/DL-project1-CNN-CIFAR-10

Codes for the Deep Learning project 1 about CNNs on CIFAR-10.

Primary LanguageJupyter Notebook

Deep Learning – Project 1

Image classification with convolutional neural networks

Codes for the Deep Learning project 1 about CNNs on CIFAR-10.

Codes description

Folder models contains the implementation of the models used in the project. The models are implemented as classes that inherit from torch.nn.Module.

Script train_model.py contains a class that you can pass model, dataset and training hyperparameters and it will train the model and return the results. It is used by tests_script.py.

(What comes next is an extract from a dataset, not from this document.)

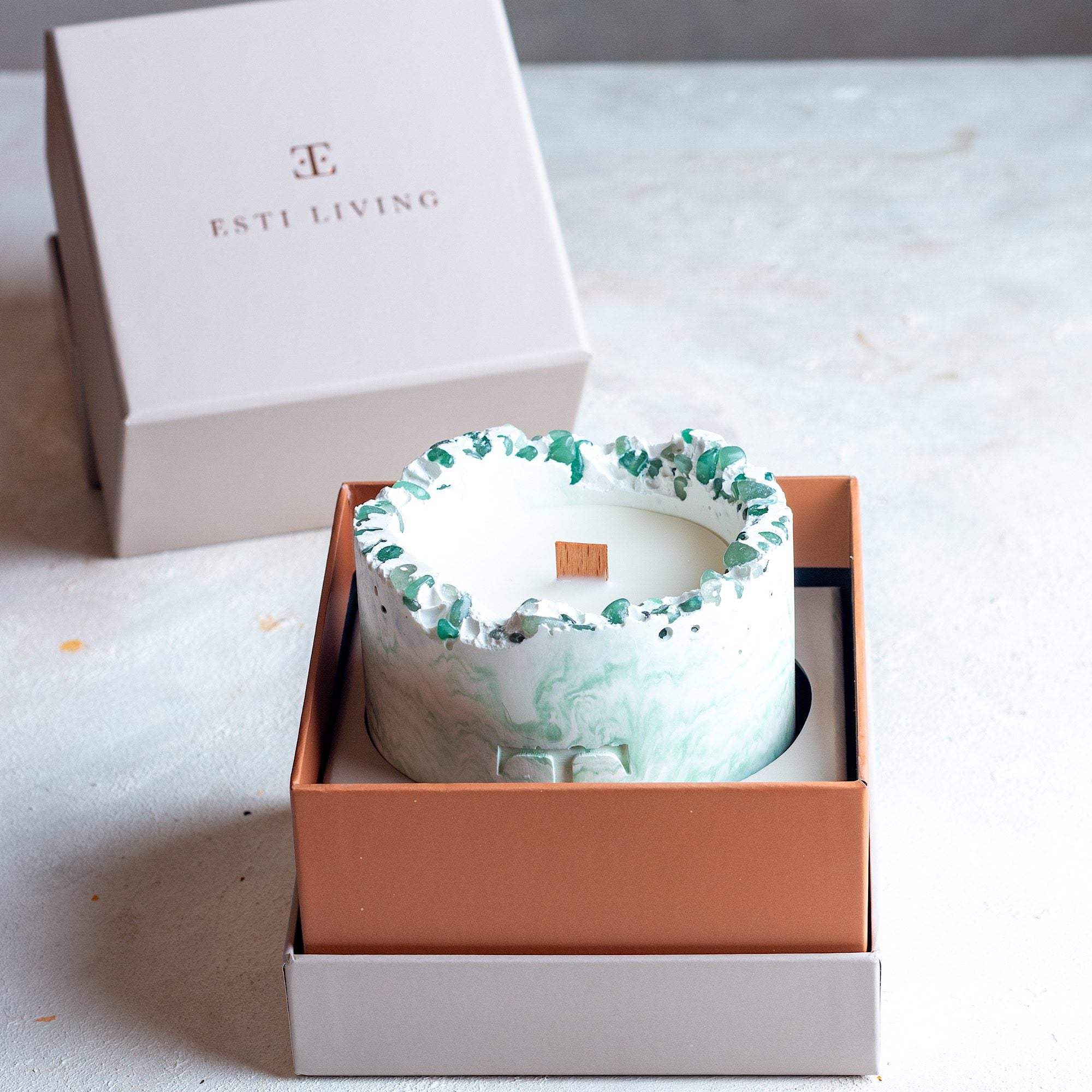 MYSTIC Green Taşlı - Büyük Mum (300 G)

Script tests_script.py can be run from terminal to train a model of a given architecture with a given set of hyperparameters and upload the results to neptune.ai. It has a parameter to repeat the training multiple times and also allows for trying different augmentation methods.

Folder mixup_scripts contains scripts for training models with mixup augmentation as they required a few changes in the training loop.

Other files

ensembles* files are related to creating ensembles and evaluating their accuracy.

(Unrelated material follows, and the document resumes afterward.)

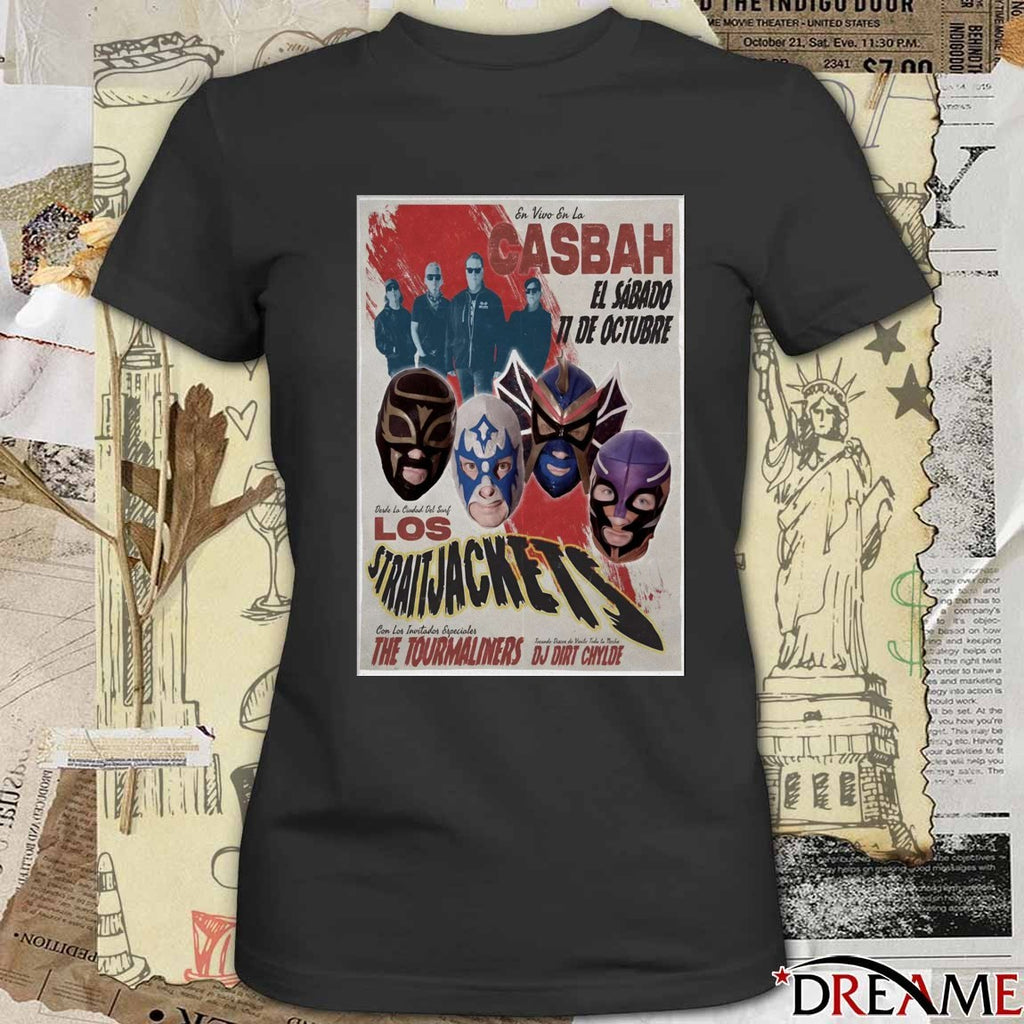 Poster Los Straitjackets With The Tourmaliners October 11 2025 Casbah In San Diego CA t–shirt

kaggle* files are related to the Kaggle CIFAR-10 competition. The predicted labels achieved a score of 0.8119

Folder dl_trained_models contains some of the models used for ensembling. Bigger models (ResNet18 architecture) were not uploaded.

Folder plots contains all the charts created during the project.

export.csv contains most important results exported from neptune.ai.

Reproducibility

This section contains description of how to repeat the experiments using the provided scripts.

Environment

Experiments were run mainly in following settings:

  • Ubuntu 20.04, Python 3.10.9, PyTorch 2.0.0, CUDA 11.7

Code was also tested in following settings:

  • Ubuntu 22.04, Python 3.9.16, PyTorch 2.1.0, CUDA 11.7
  • Debian 10, Python 3.9.16, PyTorch 1.12.1, CPU only

requirements.txt and environment.yml files contain the list of required packages installed in the first of the environments listed above.

Using pip:

pip install -r requirements.txt

Using conda:

conda env create -f environment.yml

How to run the experiments

Script experiment_baseline.sh runs training of baseline models with default parameters and repeates the training 5 times. It also uploads the results to neptune.ai. Default parameters include learning rate = 0.003, batch size = 16 and number of epochs = 25. Run with:

./experiment_baseline.sh

Script experiment_hyperparameters.sh runs training of the pretrained ResNet18 with different hyperparameters and augmenation methods. It also uploads the results to neptune.ai. Run with:

./experiment_hyperparameters.sh

You may directly run the tests_script.py script with different parameters. To see the examples, open experiment_baseline.sh.

There is no separate script for ensembles. They were created and evauated in the ensembles.ipynb Jupyter Notebook.

The codes for final plots, which were created in order to study the influence of hyperparameters and data augmentation, are available in summary.ipynb notebook.